En marzo de 1845, en plena apoteosis, se dejó llevar otra vez por el alcohol.
La creciente agravación de Virginia y ese oscilar entre esperanza y
desesperación que el poeta mencionó alguna vez como algo peor que la muerte
misma de su mujer, podían más que sus fuerzas. En este momento empieza para Poe
una época de total desequilibrio anímico, de entrega a las amistades apasionadas
con escritoras prominentes de Nueva York, episodios que en nada afectan su tierno
y angustioso cariño por Virginia. Esto no es embellecer los hechos: Edgar
necesitaba embriagarse con algo más que alcohol. Necesitaba palabras, decirlas
y escucharlas. Virginia no le daba más que su infantil presencia, su cariño
ciego de cachorro. Una Frances Osgood, en cambio, poetisa y gran lectora, unía
a su imagen llena de gracia la cultura capaz de medir a Poe en su verdadero
valor. Y además Edgar huía de la miseria, de los sucesivos y cada vez más
lamentables cambios de domicilio, de las querellas en el “Broadway Journal”, donde
su egotismo, pero también su primacía intelectual, le creaban continuos
conflictos con sus socios. Por un lado se publicaba una edición aumentada de
los “Cuentos”; por otra, su amistad imprudente con Mrs. Osgood se veía
comprometida por los rumores que obligaban a su amiga (enferma, a su vez, de
tuberculosis) a retirarse de la escena, dejándolo otra vez frente a sí mismo.

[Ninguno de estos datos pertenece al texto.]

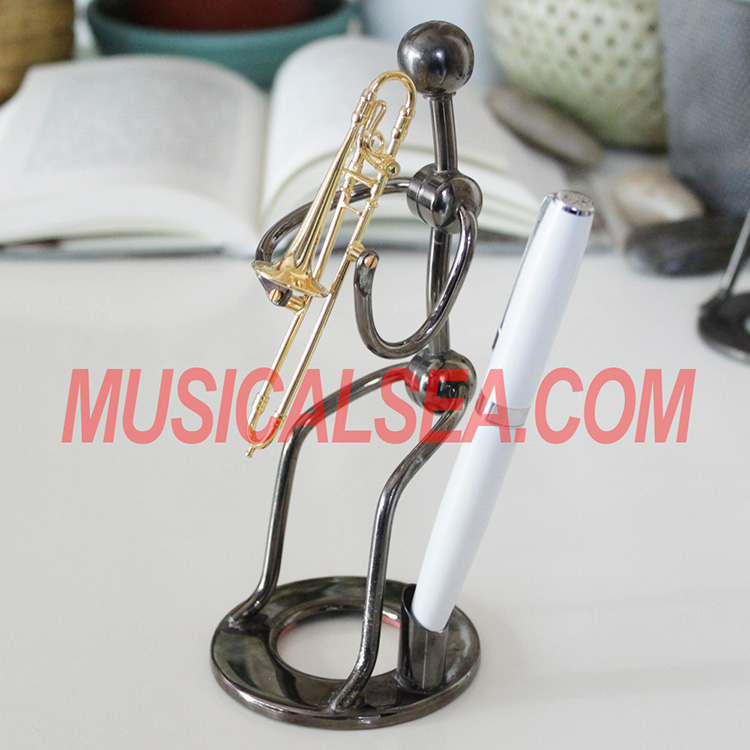 ironic figurine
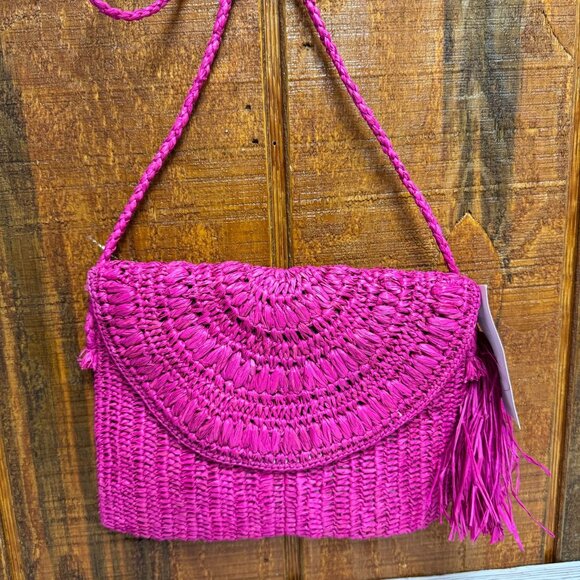 Mar Y Sol Naomi Crossbody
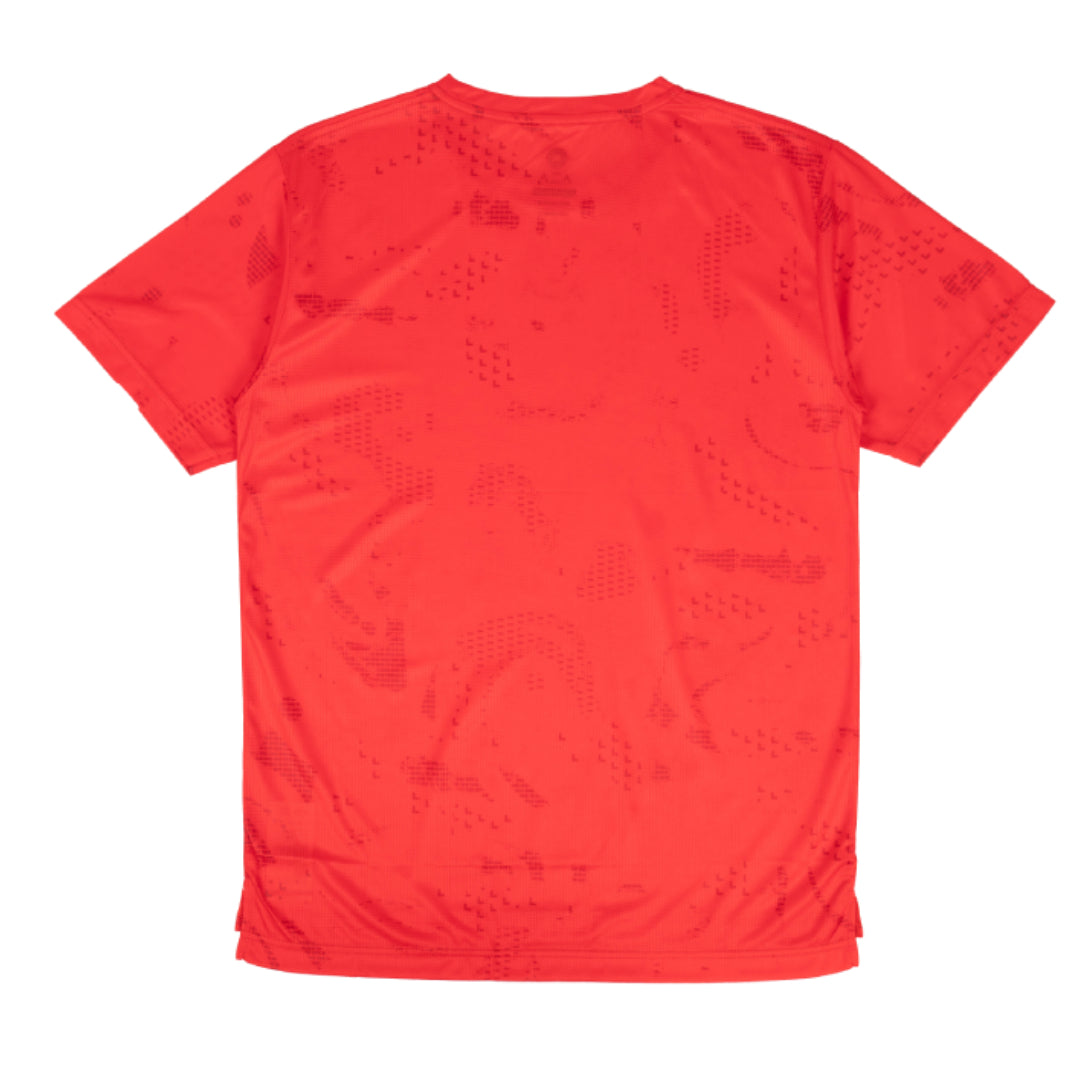 AZA One Nation Independence Day Jersey - Red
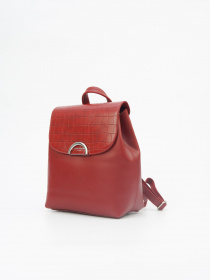 Повседневный рюкзак Respect модель 6606-2_D_RED Фото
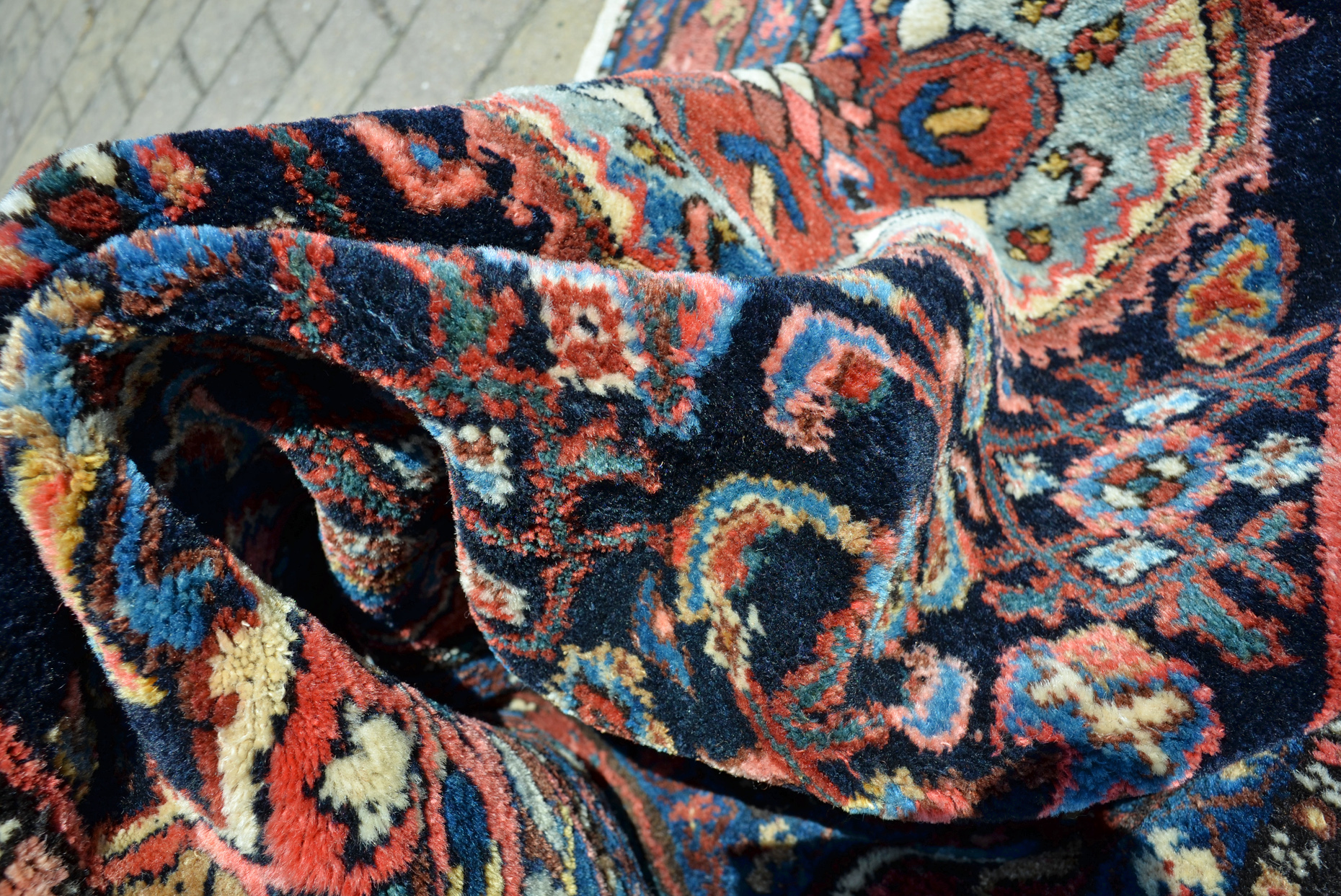 Kurd detail photo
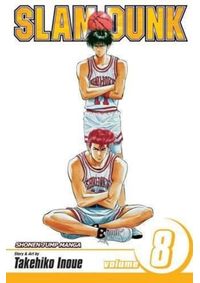 Slam Dunk 8 : 8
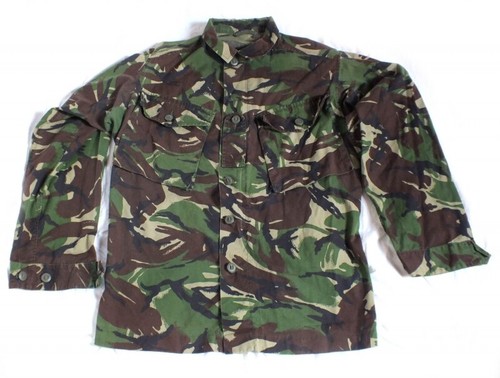 Brit feldjacke combat - brit.,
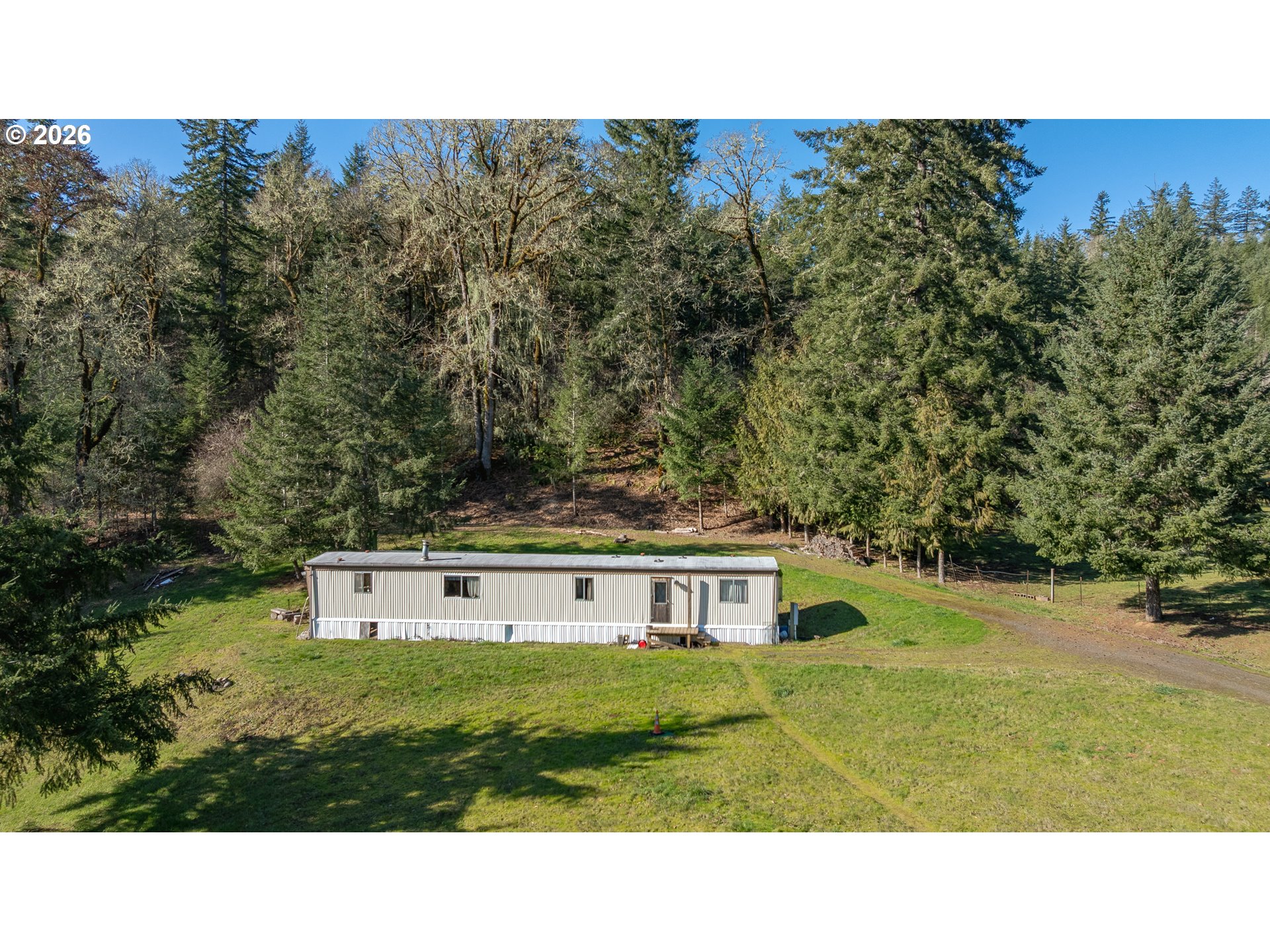 42480 SW FORT HILL RD, Willamina, OR, 97396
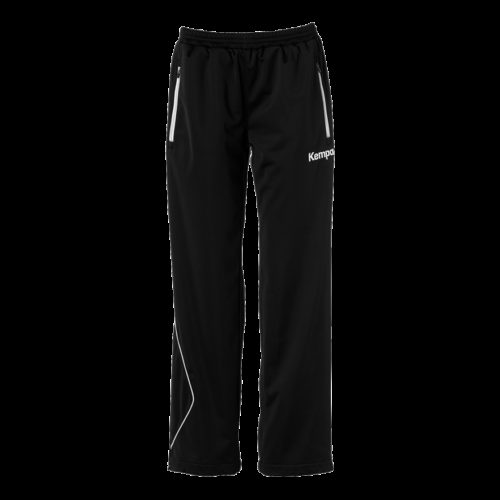 Pantalon Femme Curve noir/blanc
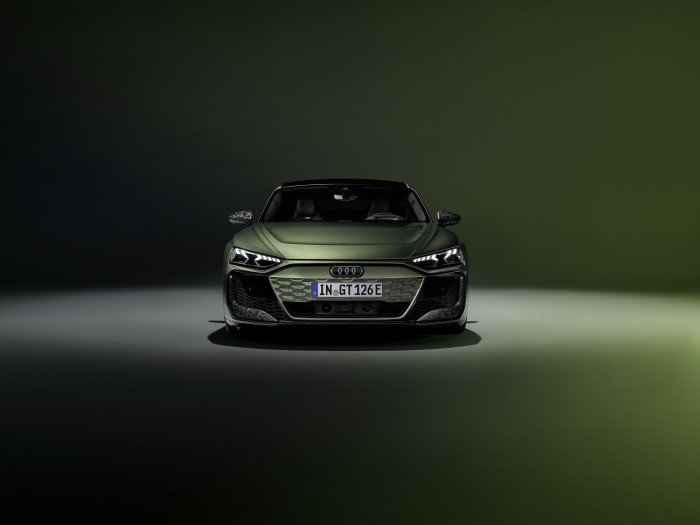 Audi RS E-Tron GT Performance (Bild: Audi)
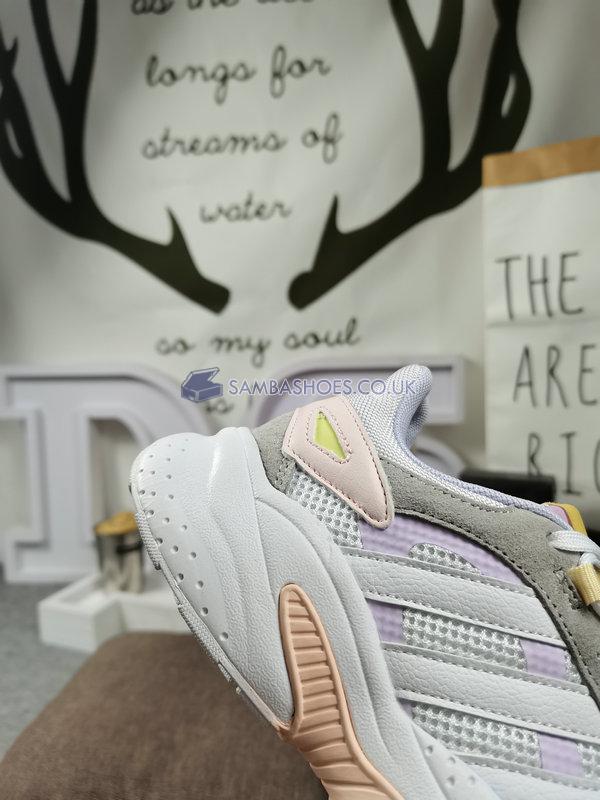 Adidas WMNS Crazychaos Shadow "Grey White Pink" - Grey/White/Pink - FY7828 Classic Neo Shoes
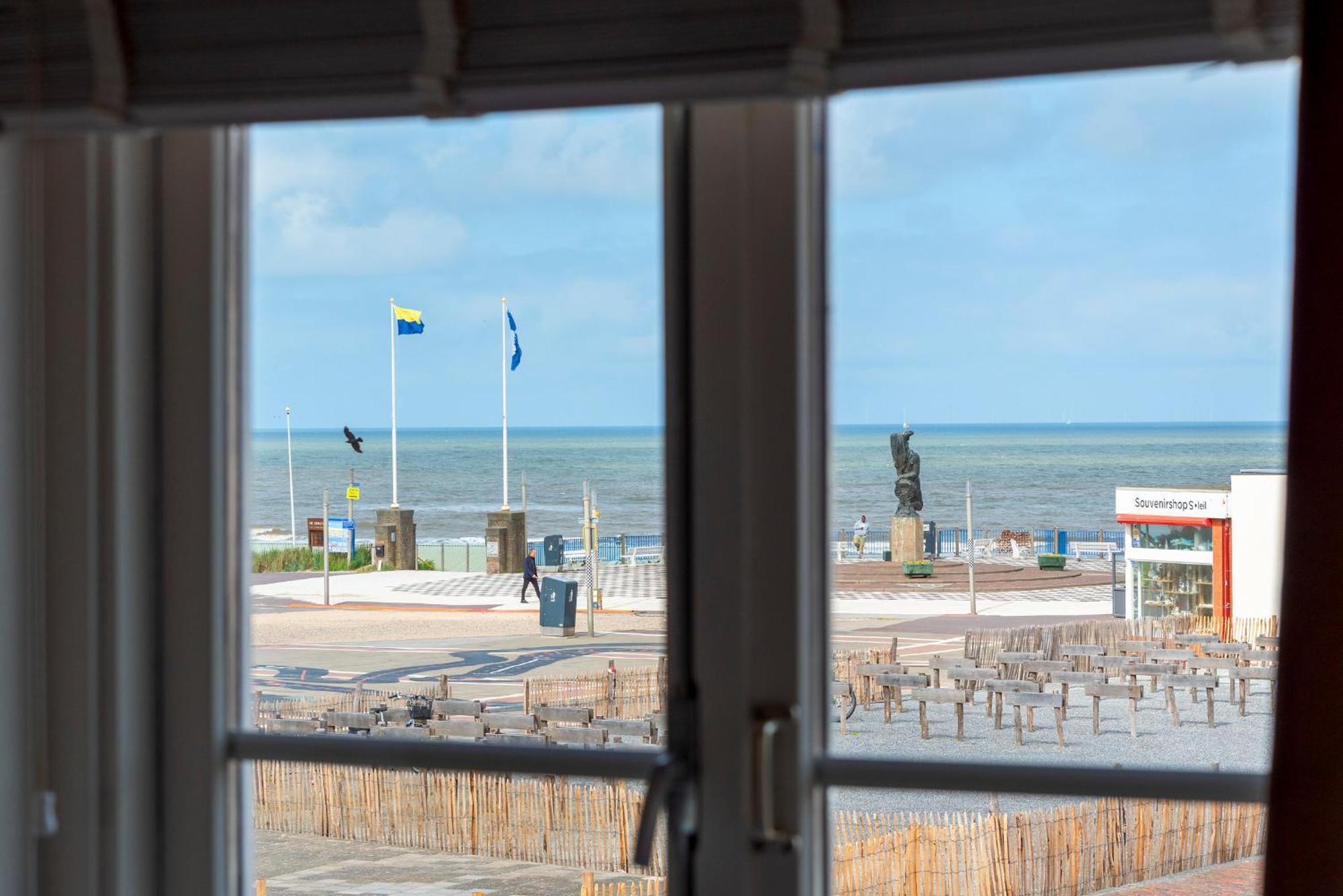 Sand & Dunes Apartment Зандвоорт Екстериор снимка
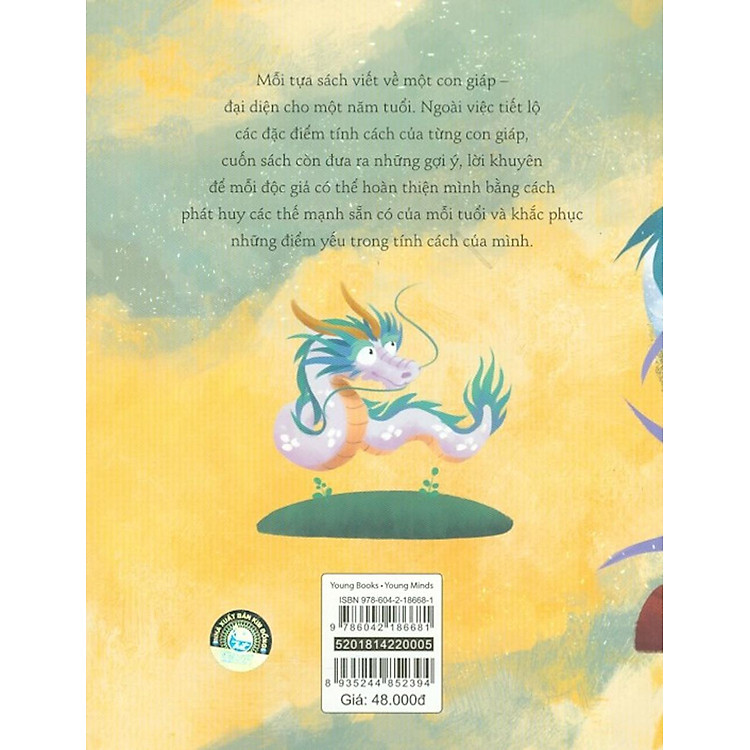 Hồ Sơ Tính Cách 12 Con Giáp - Bí Mật Tuổi Thìn - Ảnh 4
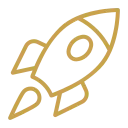 Startup Business Icon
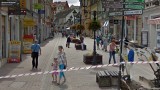 Lubuszanie w centrach miast ,,złapani" przez Google Street View. Może rozpoznacie siebie na zdjęciach? Zobaczcie!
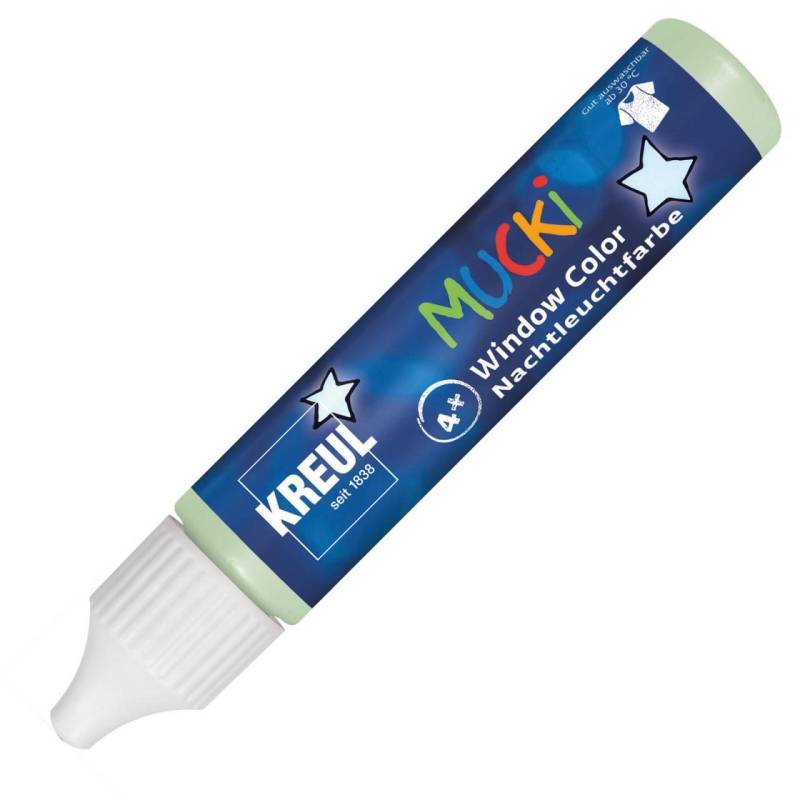 KREUL Fenstermalfarben 29,0 ml KREUL Fenstermalfarben 29,0 ml von KREUL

El fin de 1845 es también el fin de la gran producción de Poe. Sólo “Eureka”
espera su hora, todavía lejana. Los mejores cuentos y casi todos los grandes
poemas están escritos. Poe empieza a sobrevivirse en muchos aspectos. Un
episodio lo prueba: invitado por los bostonianos a pronunciar una conferencia,
parece ser que bebió tanto los días anteriores que, llegado el momento, se
encontró sin material para ofrecer al público.
Poe había
prometido un nuevo poema; leyó, en cambio, “Al Aaraaf”, obra de adolescencia,
no sólo por debajo de su genio, sino la menos indicada para el recitado. La
crítica se mostró severa y él pretendió que lo había hecho ex profeso para vengarse
de los bostonianos, del “estanque de las ranas” literarias que detestaba. A fin
de año, el “Broadway Journal” dejó de aparecer y Edgar se encontró otra vez
perdido. Si 1845 marca su momento más alto en la fama, es también el comienzo
de una caída proporcionalmente acelerada. Por un tiempo, empero, brillará como
las estrellas apagadas hace mucho. A lo largo de 1846 va a circular activamente
entre los ‘literati’, como se llamaba a las marisabidillas y escritores más conocidos
de Nueva York. Aquel mundo era harto mezquino y mediocre, con honrosas excepciones.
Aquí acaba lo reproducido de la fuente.